[LLVMdev] PATH and LD_LIBRARY_PATH

Thu Jul 19 21:30:22 PDT 2007

On Thu, 2007-07-19 at 21:03 -0700, Chris Lattner wrote:
> On Thu, 19 Jul 2007, Reid Spencer wrote:
> > With the pending reorganization of the software, I have some questions
> > about how developers set their PATH and LD_LIBRARY_PATH variables when
> > working with LLVM. This is a bit long winded, but bear with me.
> 
> ok :)
> 
> > We're planning to break the "llvm" module up into three modules:
> >
> >      * support - lib/Support, lib/System, autoconf, make support,
> >        utilities
> 
> which utilities?  The C++ programs in llvm/utils should not be moved.

No, I was thinking more like "mkpatch" and "llvmgrep".

> 
> >      * core - VMCore, Asm, Bitcode and the essential IR tools (llvm-as,
> >        etc.)
> 
> I'm still not convinced that this is useful to split out from the rest of 
> the LLVM tree, we should discuss this again after support is split out.

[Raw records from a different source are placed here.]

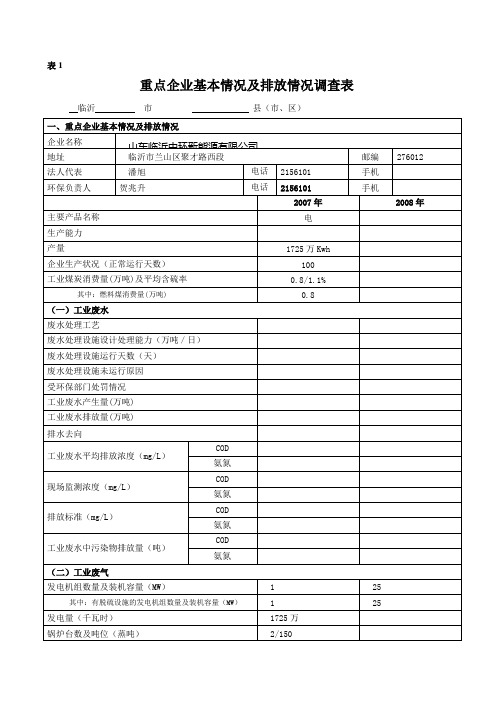 重点企业基本情况及排放情况调查表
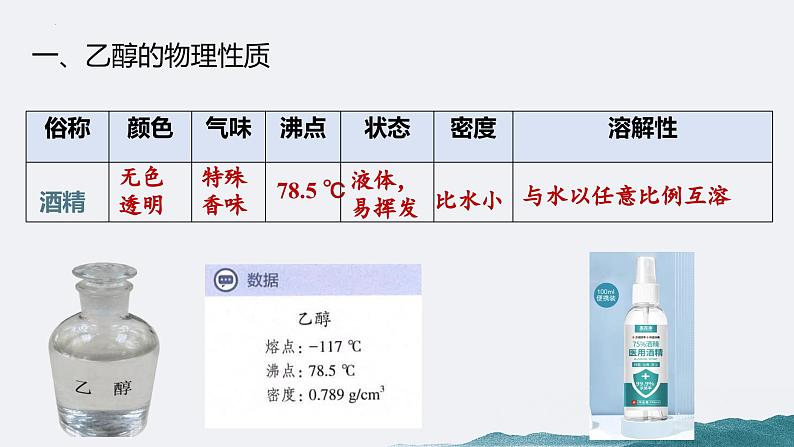 7.3.1乙醇  课件  2023-2024学年高一下学期化学人教版（2019）必修第二册第4页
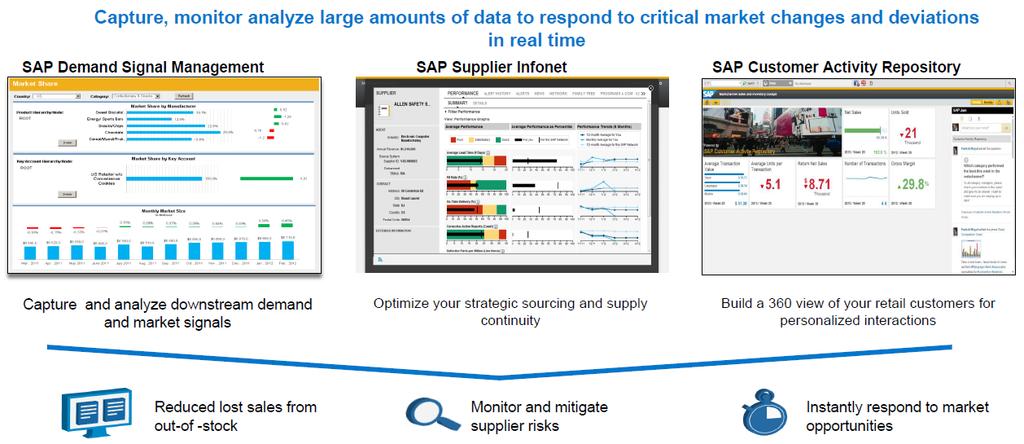 SAP HANA 에서의실시간기업어플리케이션실시간감지및반응 시장의대량데이터를획득하고, 모니터링분석하여중요한마켓의변화와차이발생에대해실시간으로반응함.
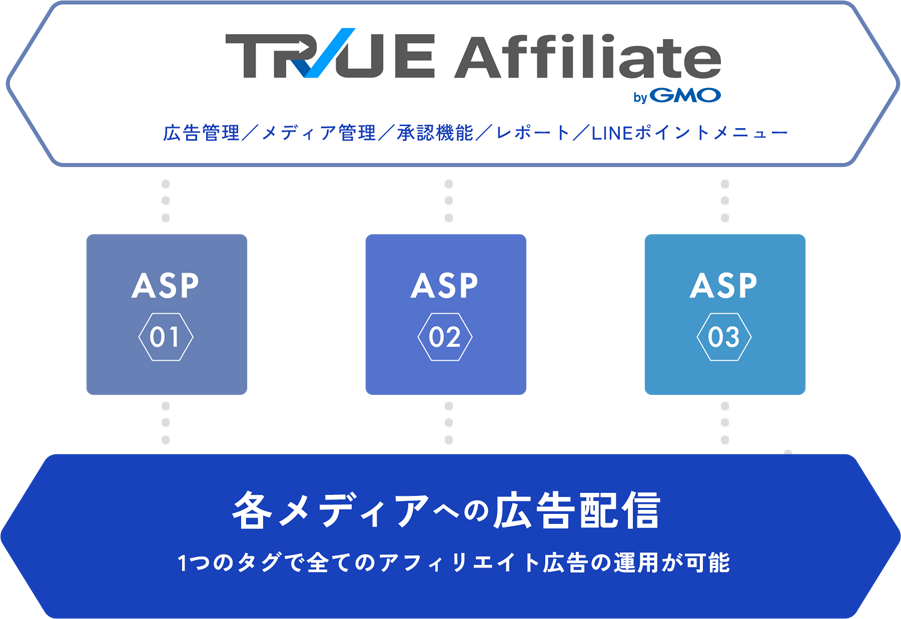 各メディアへの広告配信 1つのタグで全てのアフィリエイト広告の運用が可能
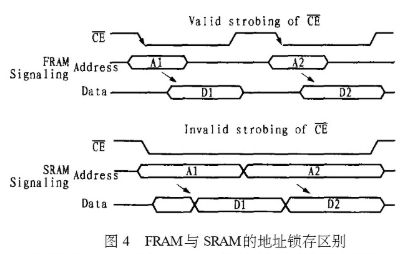 通过利用FM18L08铁电存储器实现实时数据采集和记录系统的设计,第4张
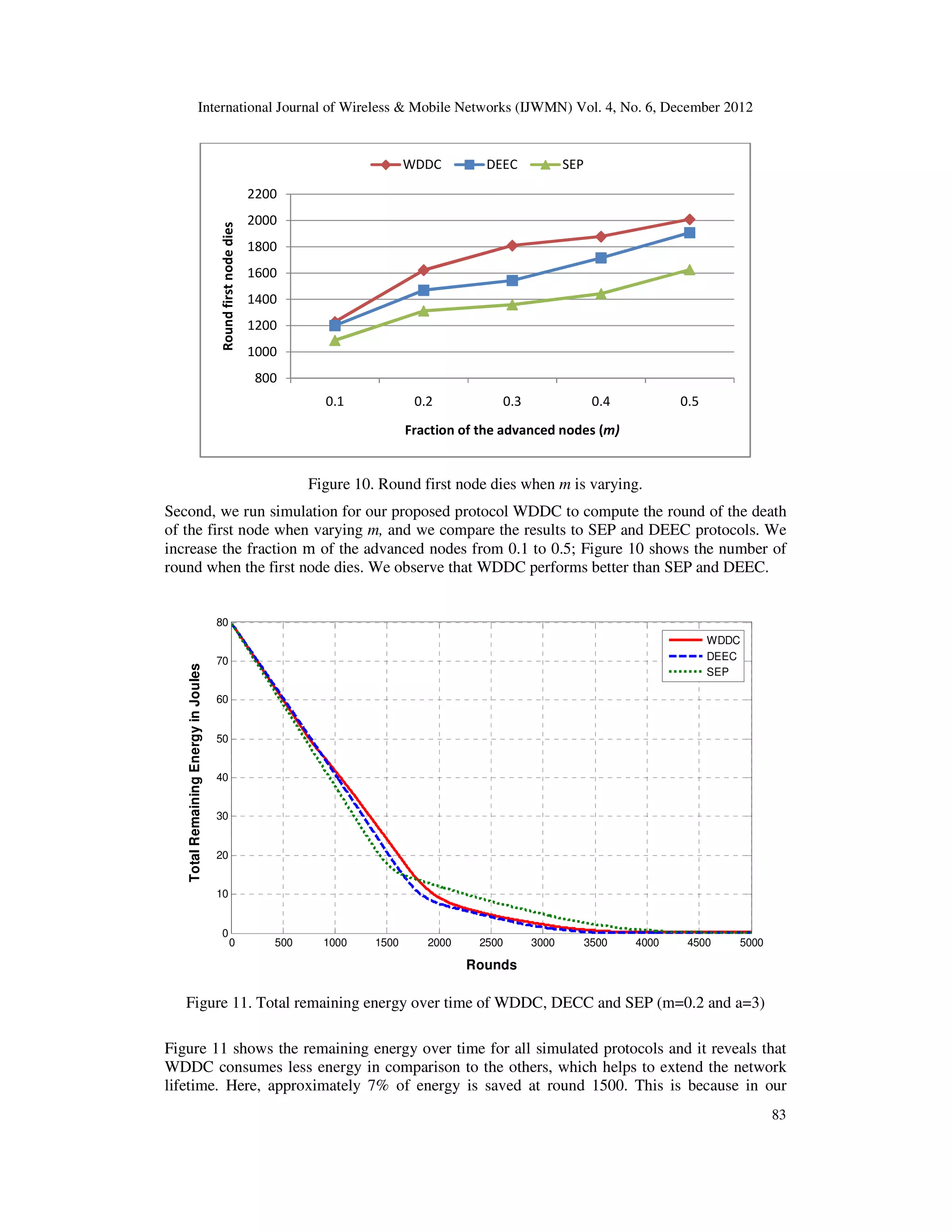 International Journal of Wireless & Mobile Networks (IJWMN) Vol. 4, No. 6, December 2012 83 Figure 10. Round first node dies when m is varying. Second, we run simulation for our proposed protocol WDDC to compute the round of the death of the first node when varying m, and we compare the results to SEP and DEEC protocols. We increase the fraction m of the advanced nodes from 0.1 to 0.5; Figure 10 shows the number of round when the first node dies. We observe that WDDC performs better than SEP and DEEC. Figure 11. Total remaining energy over time of WDDC, DECC and SEP (m=0.2 and a=3) Figure 11 shows the remaining energy over time for all simulated protocols and it reveals that WDDC consumes less energy in comparison to the others, which helps to extend the network lifetime. Here, approximately 7% of energy is saved at round 1500. This is because in our 800 1000 1200 1400 1600 1800 2000 2200 0.1 0.2 0.3 0.4 0.5 Roundfirstnodedies Fraction of the advanced nodes (m) WDDC DEEC SEP 0 500 1000 1500 2000 2500 3000 3500 4000 4500 5000 0 10 20 30 40 50 60 70 80 Rounds TotalRemainingEnergyinJoules WDDC DEEC SEP 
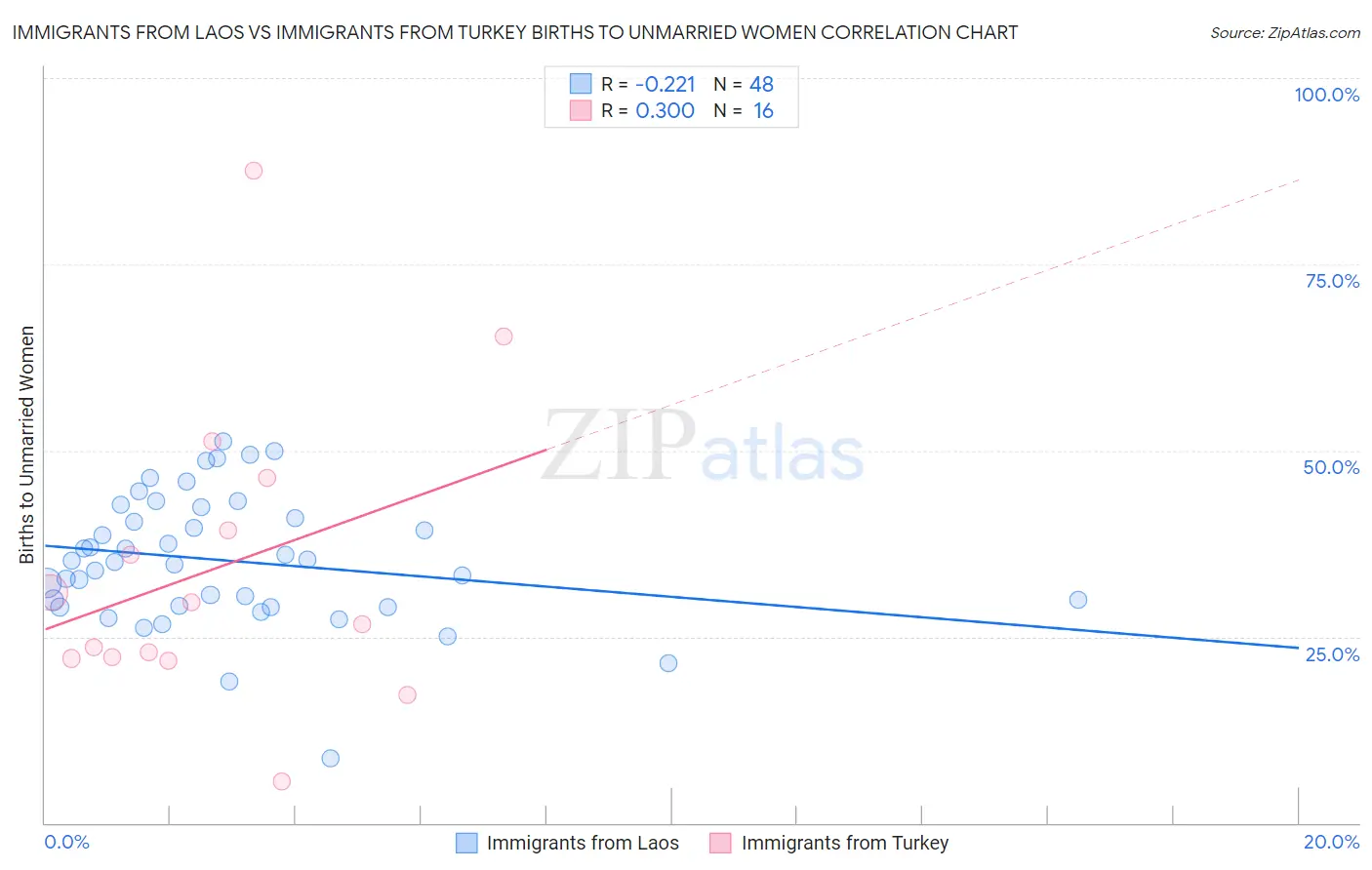 Immigrants from Laos vs Immigrants from Turkey Births to Unmarried Women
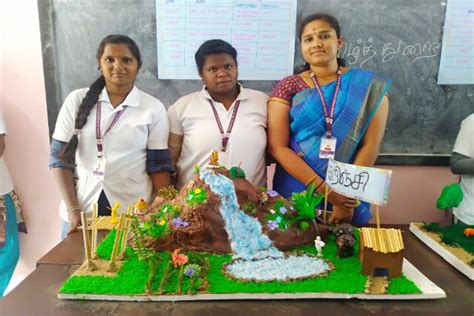 Sri Sankara Arts and Science College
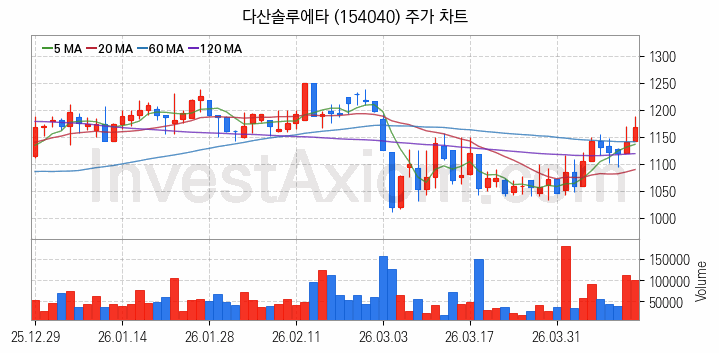 그래핀 관련주 다산솔루에타 주식 종목의 분석 시점 기준 최근 일봉 차트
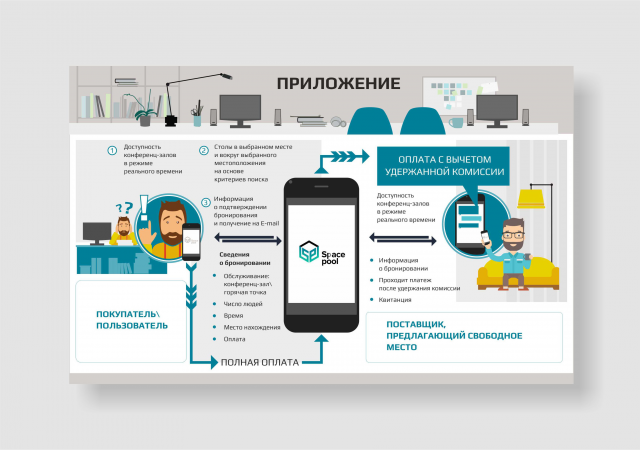 Инфографика к презентации мобильного приложения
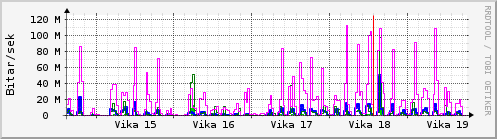 Sustu vikur Graph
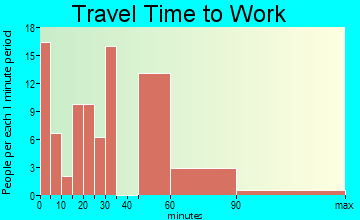 Lakeview travel time to work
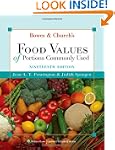 Bowes and Church's Food Values of Por...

Surely. About the only reason is for modules that only work with the IR
and don't want to have to compile all of the transforms and targets just
to use the IR. I know there's no technical difference, its merely a
developer convenience. In any event, we can discuss later. My point was
there will be more modules.

> 
> >      * opt (not sure that's the final name) - everything else:
> >        Analysis, Transforms, CodeGen, Target, etc
> >
> > Additionally, there are new modules such as "hlvm", "cfe",
> > "llvm-gcc-4.2" and undoubtedly more to come in the future.
> 
> Yep.
> 
> > We haven't decided the final architecture so don't quibble about what
> > goes in what module (yet). The point is, there will be several modules
> > instead of everything being in "llvm". With this situation we can no
> > longer just put llvm/Debug/bin in PATH and llvm/Debug/lib in
> > LD_LIBRARY_PATH and just have things work. Build products would be
> > places in the Debug/bin and Debug/lib directories for each module.
> 
> Ok.
> 
> > However, even with only a single checkout (environment) of llvm
> > software, there are details to be taken care of. We would like to
> > support this better, but the question is how.
> >
> > Here are some of the issues:
> >      * On some platforms you set SHLIB_PATH or SHOBJ_PATH, etc.
> 
> This is up to the user to know what to do.
> 
> >      * With more modules the PATH and LD_LIBRARY_PATH become long (one
> >        entry per module). Having every module's Debug/bin in PATH and
> >        Debug/lib in LD_LIBRARY_PATH gets hard to maintain when there's
> >        multiple environments.
> 
> Lets take a specific example, someone working on the clang front-end.  For 
> these people, they will check out support,llvm, and clang modules.  If 
> they *only* are playing with the front-end, and don't want to install, 
> they just need to add the clang bin directory to their path.  If they also 
> want convenient access to the llvm tools, they can add that dir to their 
> path.  This seems reasonable to me.
> 
> Regardless of the users PATH setting, the build process for  the various 
> modules should invoke the tools from other modules *without* PATH 
> needing to be set.

Yeah, its more LD_LIBRARY_PATH that I'm concerned about. It can and does
screw up linking if its set wrong.

> 
> >        Furthermore, the paths need to change
> >        when you switch to a release or release+asserts or release
> >        +expensive_checks build.
> 
> We have this problem today, it isn't a significant issue AFAICT.
> 
> >      * There are inter-dependencies between modules which may affect
> >        the relative ordering of the PATH and LD_LIBRARY_PATH component
> >        paths.
> 
> This is only an issue if you have a name collision, right?  IF so the 
> answer is "don't do that" :)

Sure .. this entire email is about striking a balance between making the
build system "fool proof" and "flexible".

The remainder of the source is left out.